[WHAT YOU HAVE TO DO]: Write out exactly, and only, the lines below from the line with "Welcome back divas" through the line with "Moving on to"; pictures do not belong in the copy.
[[ RECORDS TO PROCESS, beginning ]]
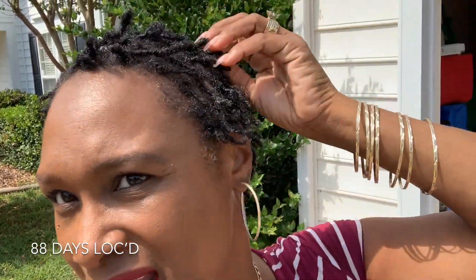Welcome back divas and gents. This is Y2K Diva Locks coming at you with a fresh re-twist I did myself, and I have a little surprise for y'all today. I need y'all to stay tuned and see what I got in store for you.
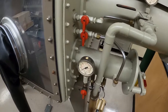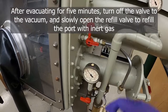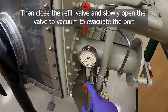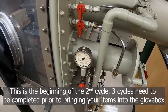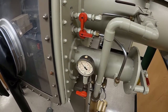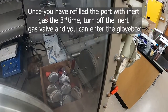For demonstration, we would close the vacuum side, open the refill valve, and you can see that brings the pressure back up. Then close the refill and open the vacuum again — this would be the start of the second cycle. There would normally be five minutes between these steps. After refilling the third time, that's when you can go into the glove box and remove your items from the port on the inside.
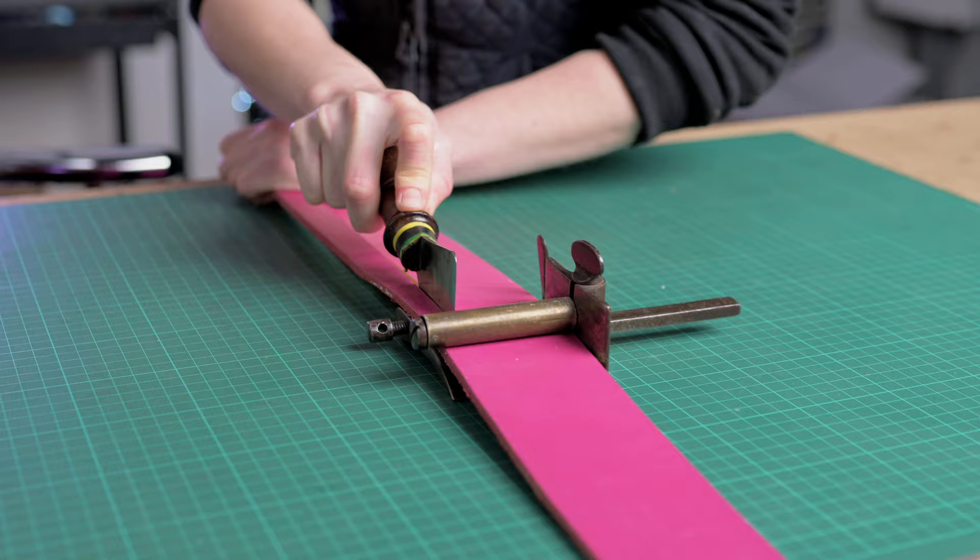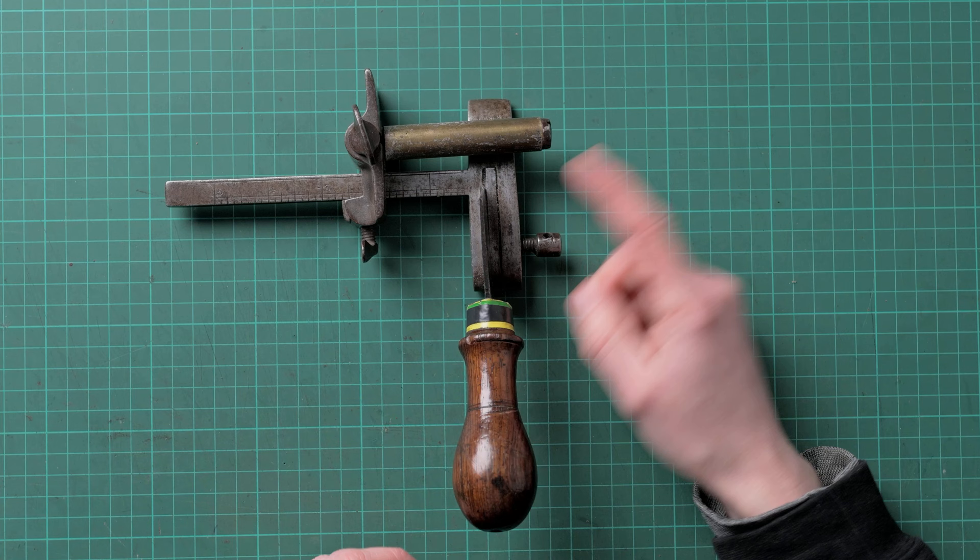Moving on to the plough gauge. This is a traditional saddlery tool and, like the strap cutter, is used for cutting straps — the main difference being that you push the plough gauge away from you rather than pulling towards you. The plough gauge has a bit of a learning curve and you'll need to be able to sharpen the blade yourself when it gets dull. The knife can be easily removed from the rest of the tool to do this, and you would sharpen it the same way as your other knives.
[[ RECORDS TO PROCESS, end ]]
[[ RECORDS TO PROCESS, beginning ]]
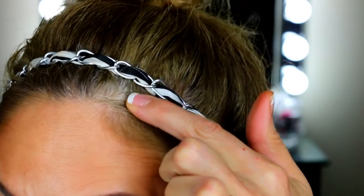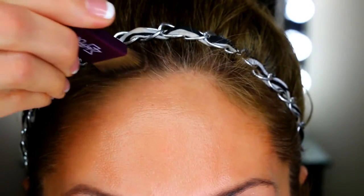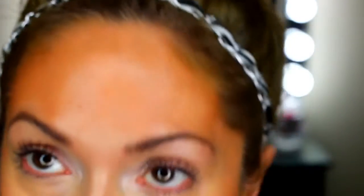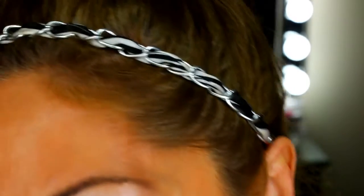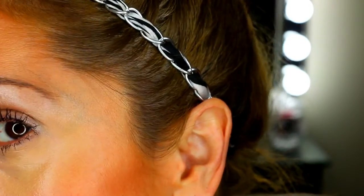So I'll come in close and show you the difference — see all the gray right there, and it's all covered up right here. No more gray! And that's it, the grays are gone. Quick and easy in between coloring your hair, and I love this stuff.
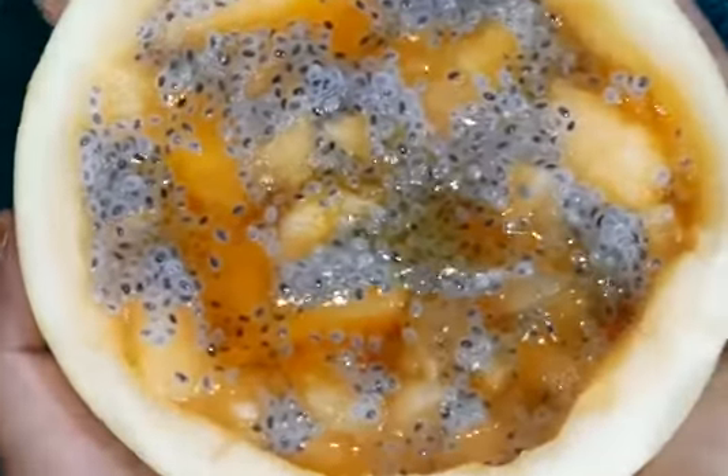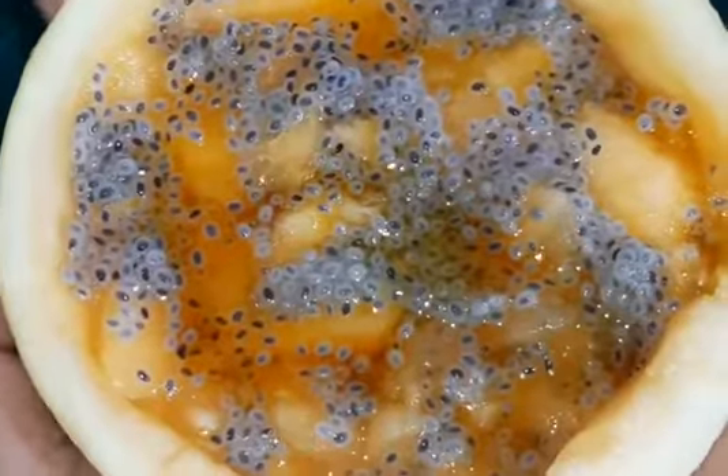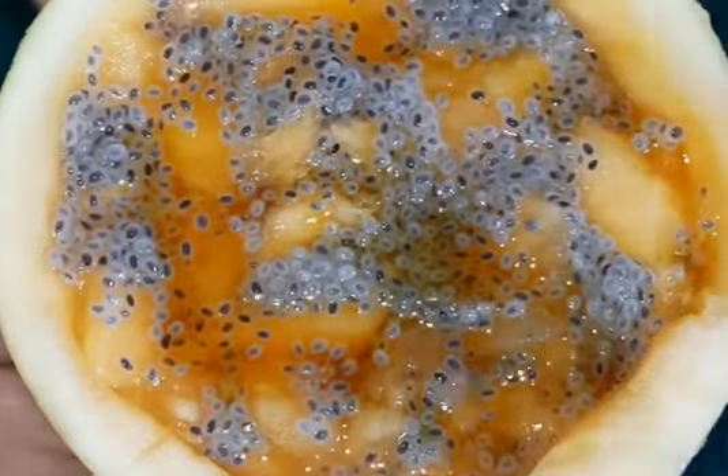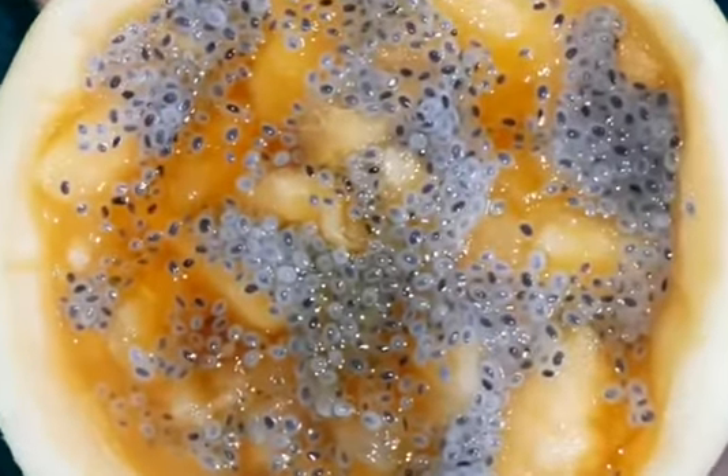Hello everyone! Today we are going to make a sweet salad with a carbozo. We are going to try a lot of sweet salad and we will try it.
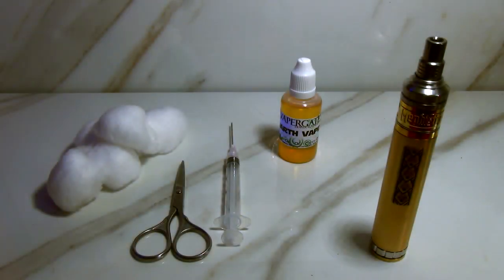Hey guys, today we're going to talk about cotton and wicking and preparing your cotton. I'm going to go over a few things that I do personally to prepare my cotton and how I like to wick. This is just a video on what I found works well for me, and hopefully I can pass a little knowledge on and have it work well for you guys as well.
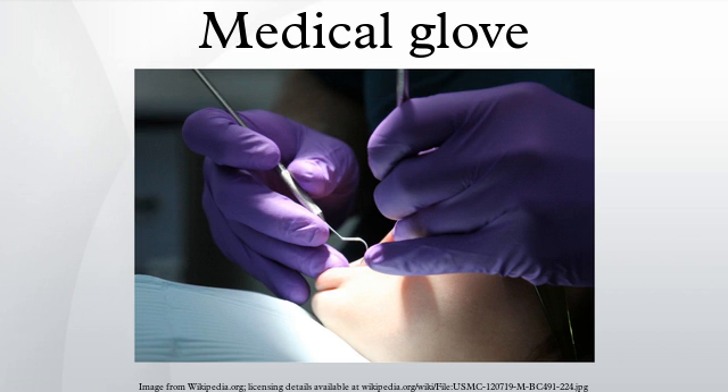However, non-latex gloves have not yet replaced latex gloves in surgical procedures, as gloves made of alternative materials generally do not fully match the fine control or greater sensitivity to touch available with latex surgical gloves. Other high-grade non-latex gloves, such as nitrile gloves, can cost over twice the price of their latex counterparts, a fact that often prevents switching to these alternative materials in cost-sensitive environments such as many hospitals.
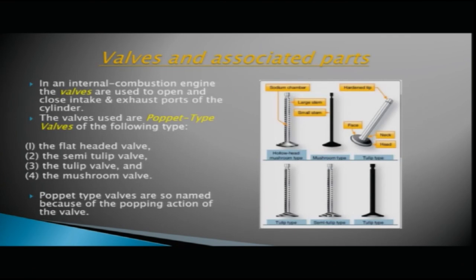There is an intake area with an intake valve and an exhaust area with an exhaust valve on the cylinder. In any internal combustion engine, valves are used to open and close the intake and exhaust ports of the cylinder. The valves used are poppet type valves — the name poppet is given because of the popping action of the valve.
[[ RECORDS TO PROCESS, end ]]
[[ RECORDS TO PROCESS, beginning ]]
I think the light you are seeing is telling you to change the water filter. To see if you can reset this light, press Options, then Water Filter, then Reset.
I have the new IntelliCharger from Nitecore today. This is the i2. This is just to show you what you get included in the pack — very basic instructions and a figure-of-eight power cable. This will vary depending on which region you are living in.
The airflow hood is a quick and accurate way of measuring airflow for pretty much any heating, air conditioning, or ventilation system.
[[ RECORDS TO PROCESS, end ]]
[SOLUTION TO THIS PROBLEM]:
Welcome back divas and gents. This is Y2K Diva Locks coming at you with a fresh re-twist I did myself, and I have a little surprise for y'all today. I need y'all to stay tuned and see what I got in store for you.
For demonstration, we would close the vacuum side, open the refill valve, and you can see that brings the pressure back up. Then close the refill and open the vacuum again — this would be the start of the second cycle. There would normally be five minutes between these steps. After refilling the third time, that's when you can go into the glove box and remove your items from the port on the inside.
Moving on to the plough gauge. This is a traditional saddlery tool and, like the strap cutter, is used for cutting straps — the main difference being that you push the plough gauge away from you rather than pulling towards you. The plough gauge has a bit of a learning curve and you'll need to be able to sharpen the blade yourself when it gets dull. The knife can be easily removed from the rest of the tool to do this, and you would sharpen it the same way as your other knives.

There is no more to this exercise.